→ Work instructions
Nothing but the lines from the one with "Retroviseur interieur VOLKSWAGEN" through the end of the data should be set down, each exactly as written, and no picture should be included.

→ Material supplied
^^^^^^^^
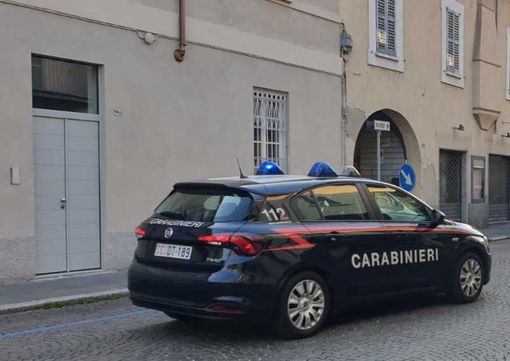 Abbiategrasso, aggressione al bar Milano: quattro egiziani arrestati per tentato omicidio Abbiategrasso, aggressione al bar Milano: quattro egiziani arrestati per tentato omicidio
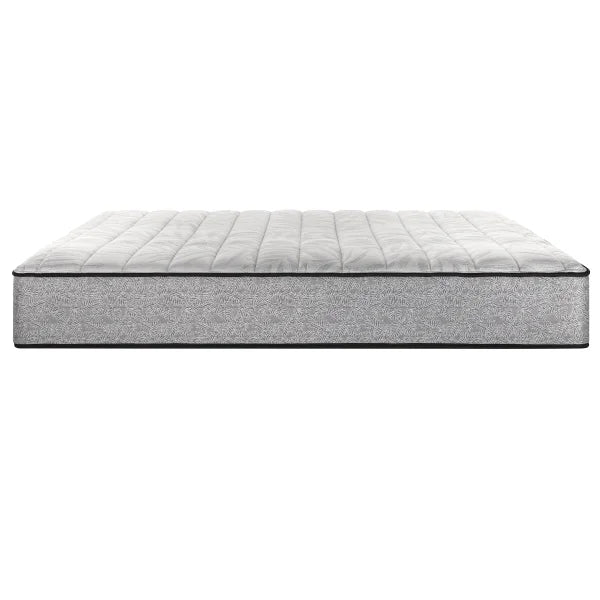 Sealy Essentials Tina Medium Firm Mattress or Set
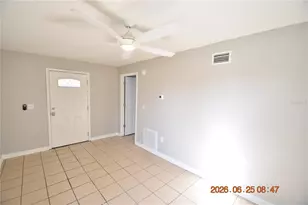 1254 Grove St, Clearwater, FL 33755 - Photo 5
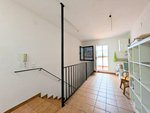 2 bedrooms House in Freginals, Spain No. 111869 - Image 16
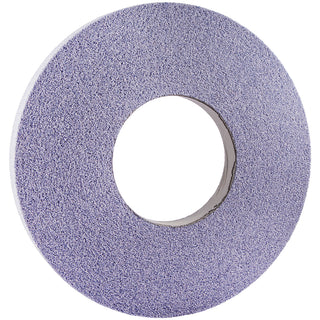12 x 1" 46-Grit Aluminum Oxide Grinding & Cutoff Wheel - Norton 66253262565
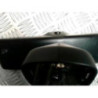 Retroviseur interieur VOLKSWAGEN TIGUAN 1 PHASE 1 d’occasion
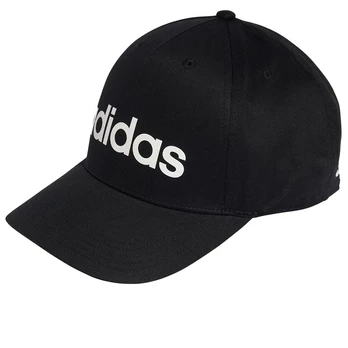 adidas Linear Baseball - Dydis Universalus (KB2108 Kepurės)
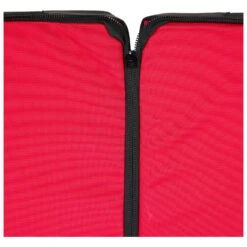 Ocun Paddy Kava V2 Bergfreunde Edition - Crashpad -Zubehör Verkäufe ocun paddy kava v2 bergfreunde edition crashpad detail 11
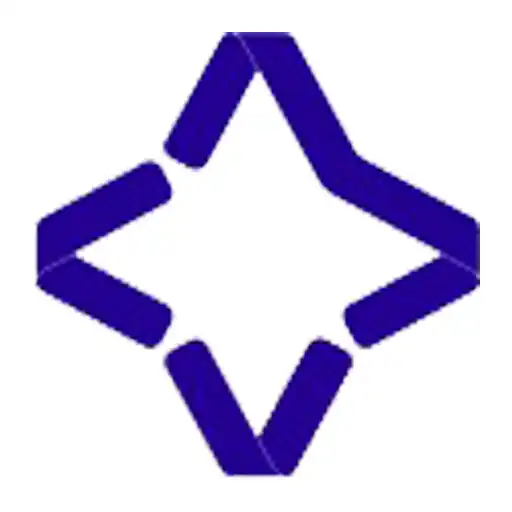 Play CMV Solutions APK Play CMV Solutions APK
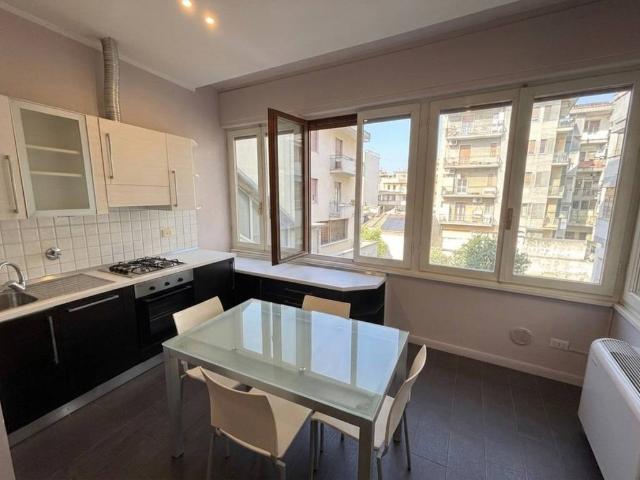 Appartamento in affitto a Firenze FI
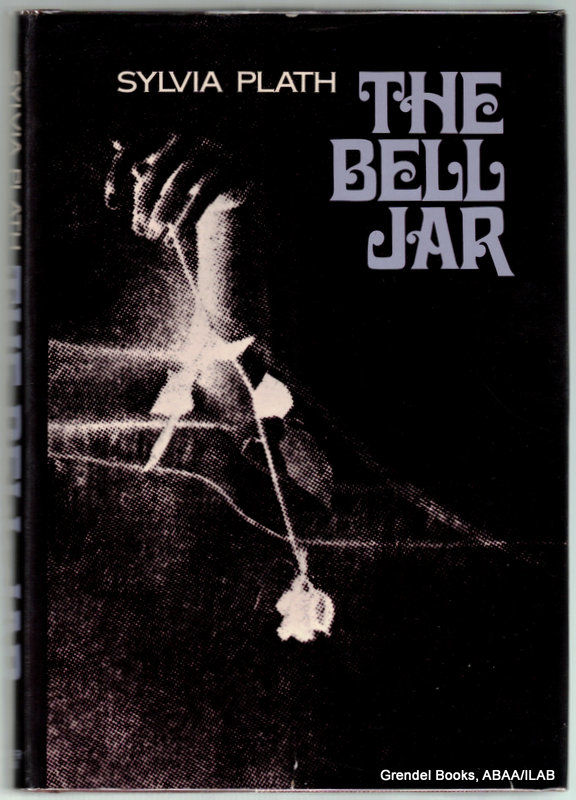 Jewels by JAR: Sassoon, Adrian: 9780300198683: Amazon.com: Books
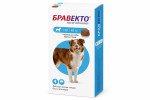 Бровекто — 4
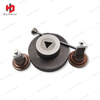 TCMT16T308-TF Tungsten Carbide Punching Mold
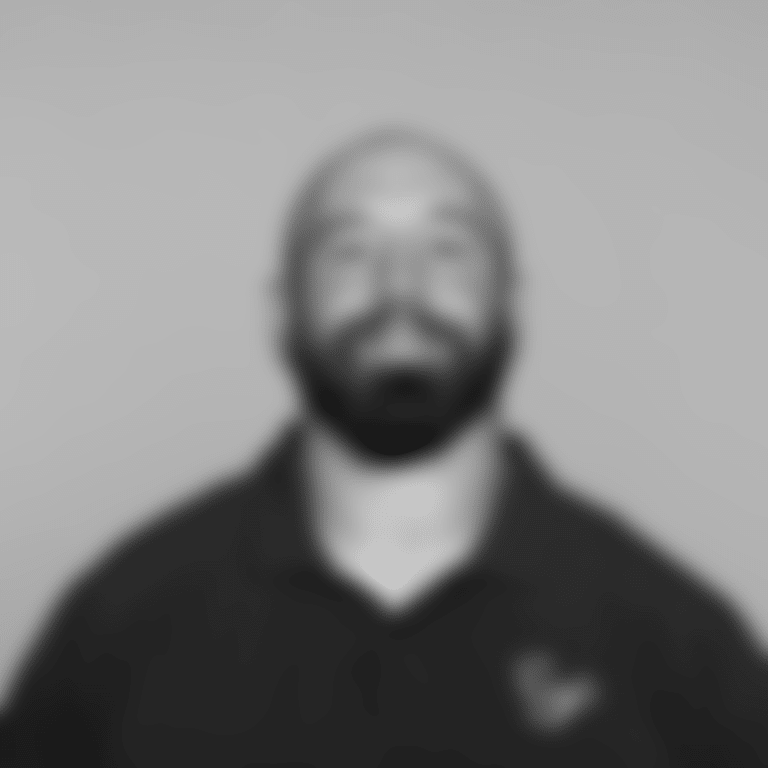 Cole Popovich 2024 headshot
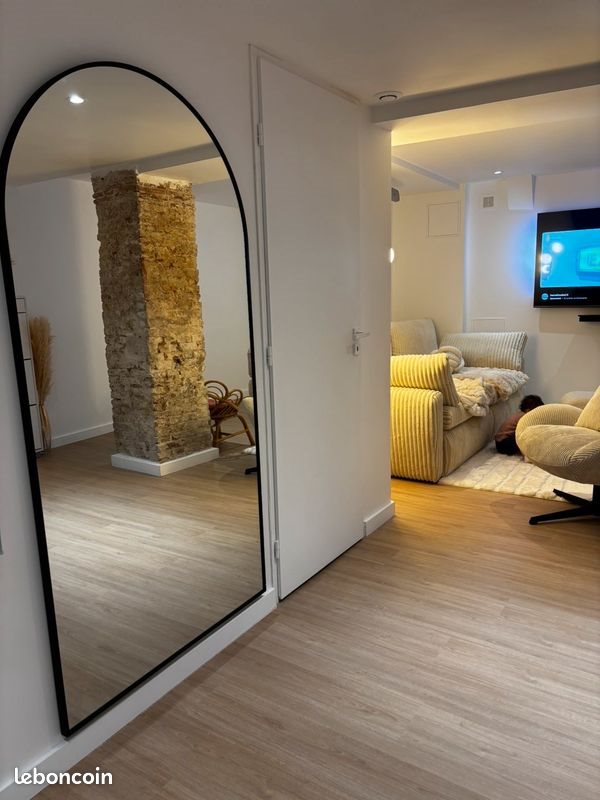 Appartement à vendre, 91m², Vitrolles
^^^^^^^^
→ Result of this task
 Retroviseur interieur VOLKSWAGEN TIGUAN 1 PHASE 1 d’occasion
 adidas Linear Baseball - Dydis Universalus (KB2108 Kepurės)
 Ocun Paddy Kava V2 Bergfreunde Edition - Crashpad -Zubehör Verkäufe ocun paddy kava v2 bergfreunde edition crashpad detail 11
 Play CMV Solutions APK Play CMV Solutions APK
 Appartamento in affitto a Firenze FI
 Jewels by JAR: Sassoon, Adrian: 9780300198683: Amazon.com: Books
 Бровекто — 4
 TCMT16T308-TF Tungsten Carbide Punching Mold
 Cole Popovich 2024 headshot
 Appartement à vendre, 91m², Vitrolles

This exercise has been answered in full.